Ancient History of Data
C 18,000 BCE
The earliest examples we have of humans storing and analyzing data are the tally sticks. The Ishango Bone was discovered in 1960 in what is now Uganda and is thought to be one of the earliest pieces of evidence of prehistoric data storage. Palaeolithic tribespeople would mark notches into sticks or bones, to keep track of trading activity or supplies. They would compare sticks and notches to carry out rudimentary calculations, enabling them to make predictions such as how long their food supplies would last.
C 2400 BCE
The abacus – the first dedicated device constructed specifically for performing calculations – comes into use in Babylon. The first libraries also appeared around this time, representing our first attempts at mass data storage.
300 BC – 48 AD
The Library of Alexandria is perhaps the largest collection of data in the ancient world, housing up to perhaps half a million scrolls and covering everything we had learned so far, about pretty much everything. Unfortunately, in 48AD it is thought to have been destroyed by the invading Romans, perhaps accidentally. Contrary to common myth, not everything was lost – significant parts of the library’s collections were moved to other buildings in the city, or stolen and dispersed throughout the ancient world.
C 100 – 200 AD
The Antikythera Mechanism, the earliest discovered mechanical computer, is produced, presumably by Greek scientists. It’s “CPU” consists of 30 interlocking bronze gears and it is thought to have been designed for astrological purposes and tracking the cycle of Olympic Games. Its design suggests it is probably an evolution of an earlier device – but these so far remain undiscovered.

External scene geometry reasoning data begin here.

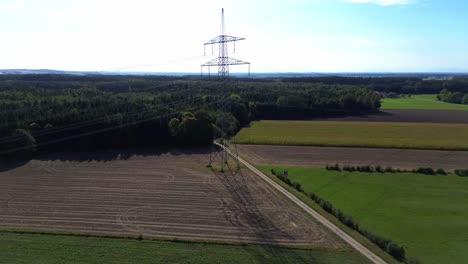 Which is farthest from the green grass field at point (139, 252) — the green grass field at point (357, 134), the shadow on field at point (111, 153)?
the green grass field at point (357, 134)

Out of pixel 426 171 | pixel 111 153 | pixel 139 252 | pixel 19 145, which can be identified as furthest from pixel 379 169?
pixel 19 145

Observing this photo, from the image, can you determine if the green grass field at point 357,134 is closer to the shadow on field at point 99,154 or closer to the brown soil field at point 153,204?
the shadow on field at point 99,154

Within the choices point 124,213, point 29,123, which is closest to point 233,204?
point 124,213

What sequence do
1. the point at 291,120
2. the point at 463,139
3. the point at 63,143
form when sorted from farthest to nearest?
the point at 291,120 < the point at 463,139 < the point at 63,143

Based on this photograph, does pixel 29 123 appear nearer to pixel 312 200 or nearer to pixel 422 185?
pixel 312 200

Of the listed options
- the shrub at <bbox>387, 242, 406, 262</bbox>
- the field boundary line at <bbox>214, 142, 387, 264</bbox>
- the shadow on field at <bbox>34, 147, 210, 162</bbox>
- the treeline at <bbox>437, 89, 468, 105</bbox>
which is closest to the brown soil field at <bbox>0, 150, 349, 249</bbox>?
the field boundary line at <bbox>214, 142, 387, 264</bbox>

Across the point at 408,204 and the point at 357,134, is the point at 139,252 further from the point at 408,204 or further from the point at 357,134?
the point at 357,134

The Emergence of Statistics
1663
In London, John Graunt carries out the first recorded experiment in statistical data analysis. By recording information about mortality, he theorized that he can design an early warning system for the bubonic plague ravaging Europe.
1865
The term “business intelligence” is used by Richard Millar Devens in his Encyclopaedia of Commercial and Business Anecdotes, describing how the banker Henry Furnese achieved an advantage over competitors by collecting and analyzing information relevant to his business activities in a structured manner. This is thought to be the first study of a business putting data analysis to use for commercial purposes.
1880
The US Census Bureau has a problem – it estimates that it will take it 8 years to crunch all the data collected in the 1880 census, and it is predicted that the data generated by the 1890 census will take over 10 years, meaning it will not even be ready to look at until it is outdated by the 1900 census. In 1881 a young engineer employed by the bureau – Herman Hollerith – produces what will become known as the Hollerith Tabulating Machine. Using punch cards, he reduces 10 years’ work to three months and achieves his place in history as the father of modern automated computation. The company he founds will go on to become known as IBM.